6 Non-blocking code loading
6.1 
        Introduction
Before OTP R16 when an Erlang code module was loaded, all other execution in the VM were halted while the load operation was carried out in single threaded mode. This might not be a big problem for initial loading of modules during VM boot, but it can be a severe problem for availability when upgrading modules or adding new code on a VM with running payload. This problem grows with the number of cores as both the time it takes to wait for all schedulers to stop increases as well as the potential amount of halted ongoing work.
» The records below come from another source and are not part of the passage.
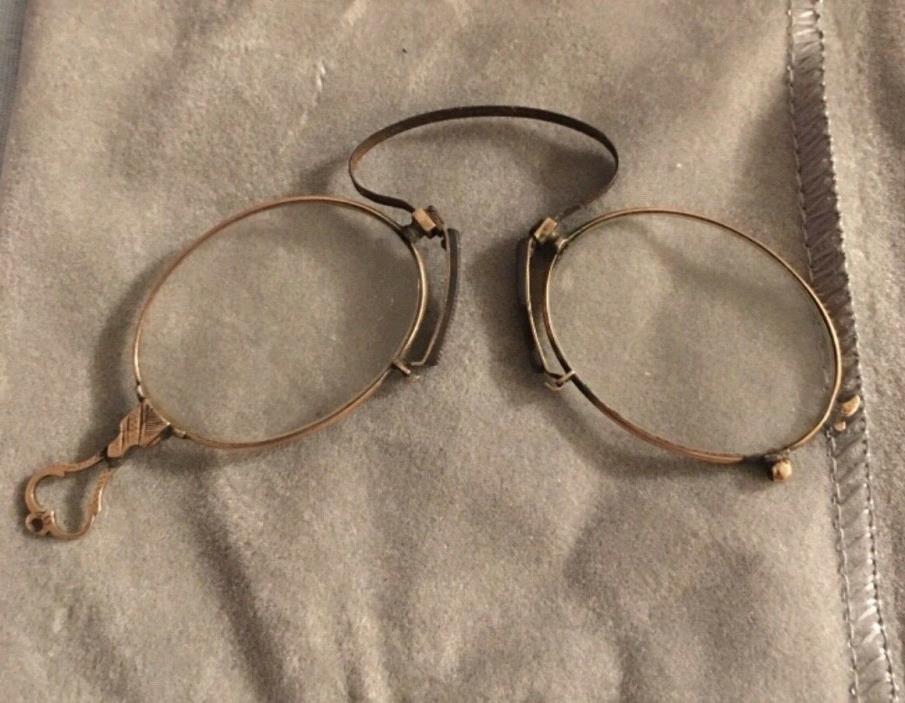 ANTIQUE PRINCE NEZ OVAL LENS SPRING BRIDGE SPECTACLES 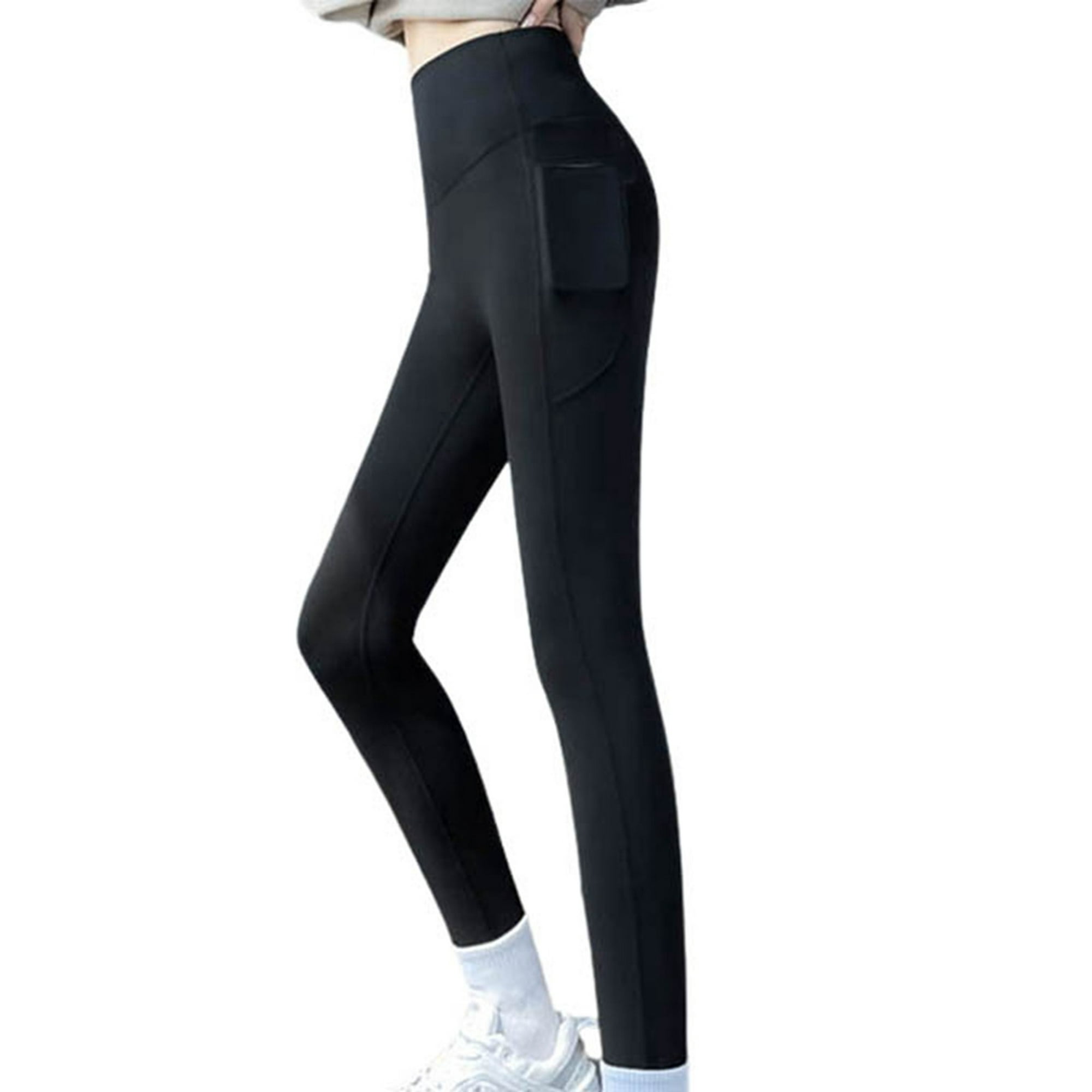 Gibobby pantalones de vestir mujer Leggings moldeadores de cintura alta con  forro polar grueso de invierno para mujer, pantalones cálidos de lana de  sintética（Negro， M)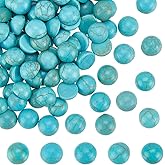 HOBBIESAY 100Pcs 6mm Synthetic Turquoise Gemstone Dark Cyan Flat Back Stones Cabochons No Hole Stones Cabochons Natural Gemstone DIY Gift Texture Cabochons for Beautiful Jewelry Craft Making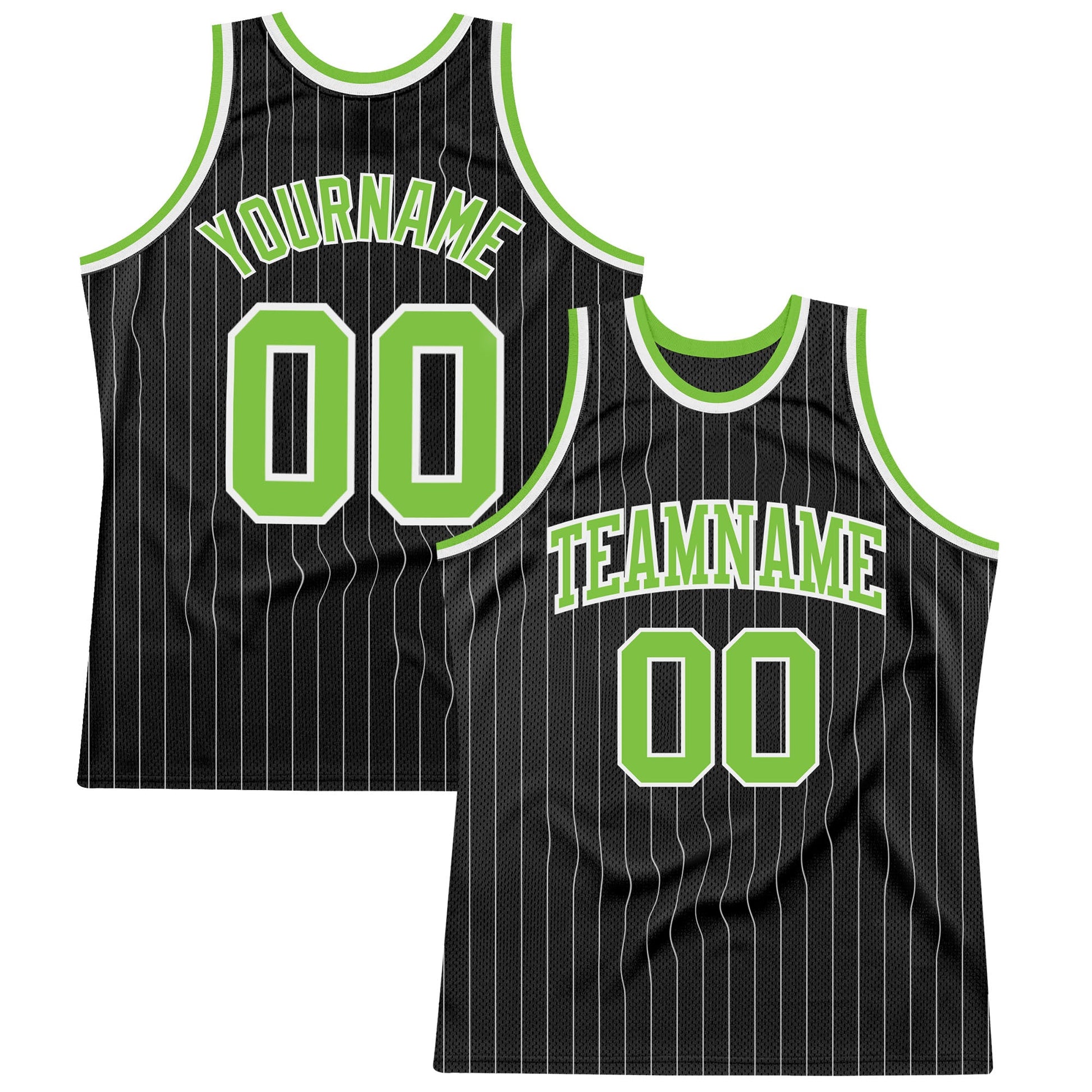 Custom Black White Pinstripe Neon Green-White Authentic Basketball Jersey - Sky-Custom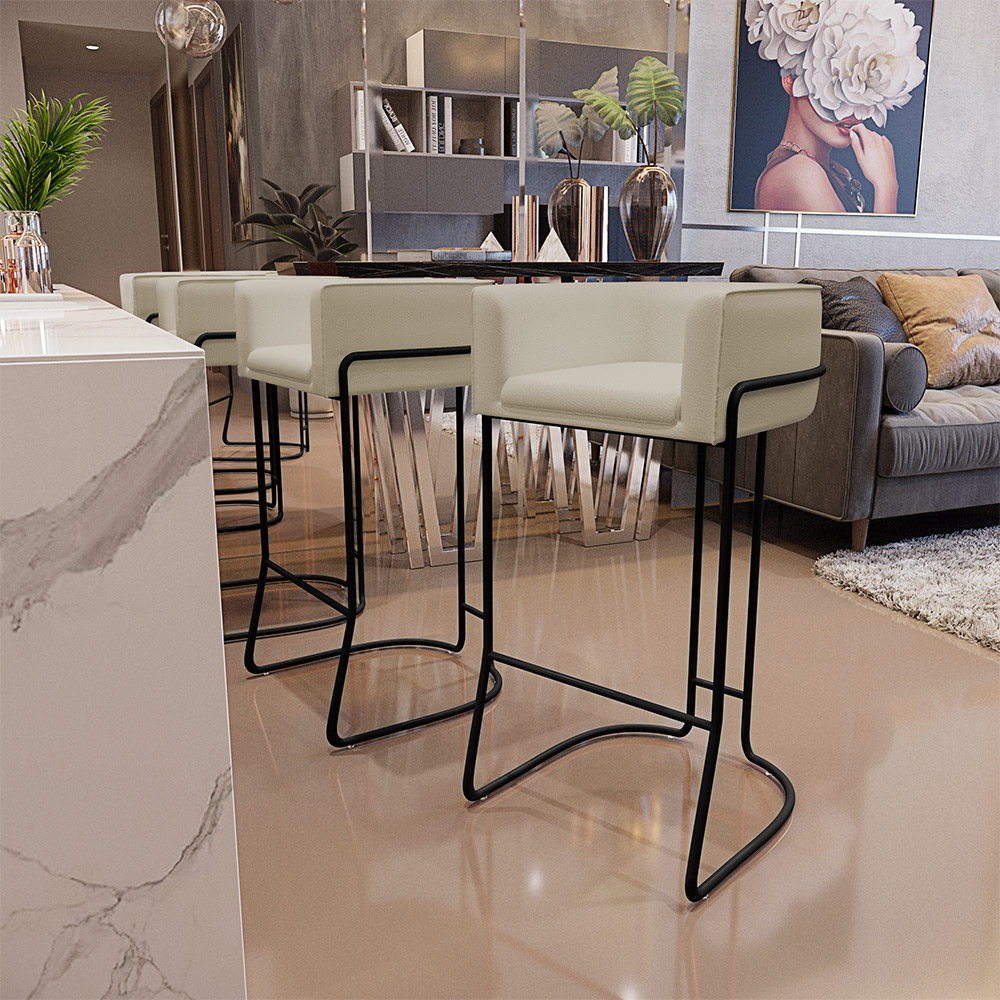Banqueta Decorativa Fixa Base de Aço Preto Betina D02 Corano Bege C-26- Lyam Decor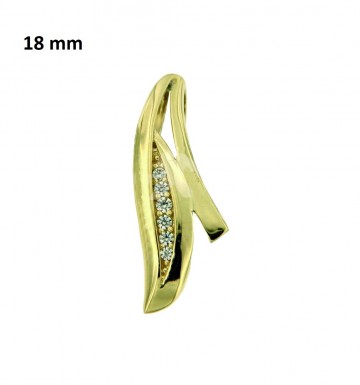 Gouden hanger met steentjes, 18 mm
In OTP R16, modules are loaded without blocking the VM. Erlang processes may continue executing undisturbed in parallel during the entire load operation. The code loading is carried out by a normal Erlang process that is scheduled like all the others. The load operation is completed by making the loaded code visible to all processes in a consistent way with one single atomic instruction. Non-blocking code loading will improve real-time characteristics when modules are loaded/upgraded on a running SMP system.
6.2 
        The Load Phases
The loading of a module is divided into two phases; a prepare phase and a finishing phase. The prepare phase contains reading the BEAM file format and all the preparations of the loaded code that can easily be done without interference with the running code. The finishing phase will make the loaded (and prepared) code accessible from the running code. Old module versions (replaced or deleted) will also be made inaccessible by the finishing phase.
The prepare phase is designed to allow several "loader" processes to prepare separate modules in parallel while the finishing phase can only be done by one loader process at a time. A second loader process trying to enter finishing phase will be suspended until the first loader is done. This will only block the process, the scheduler is free to schedule other work while the second loader is waiting. (See erts_try_seize_code_write_permission and erts_release_code_write_permission).
The ability to prepare several modules in parallel is not currently used as almost all code loading is serialized by the code_server process. The BIF interface is however prepared for this.
erlang:prepare_loading(Module, Code) -> LoaderState erlang:finish_loading([LoaderState])
The idea is that prepare_loading could be called in parallel for different modules and returns a "magic binary" containing the internal state of each prepared module. Function finish_loading could take a list of such states and do the finishing of all of them in one go.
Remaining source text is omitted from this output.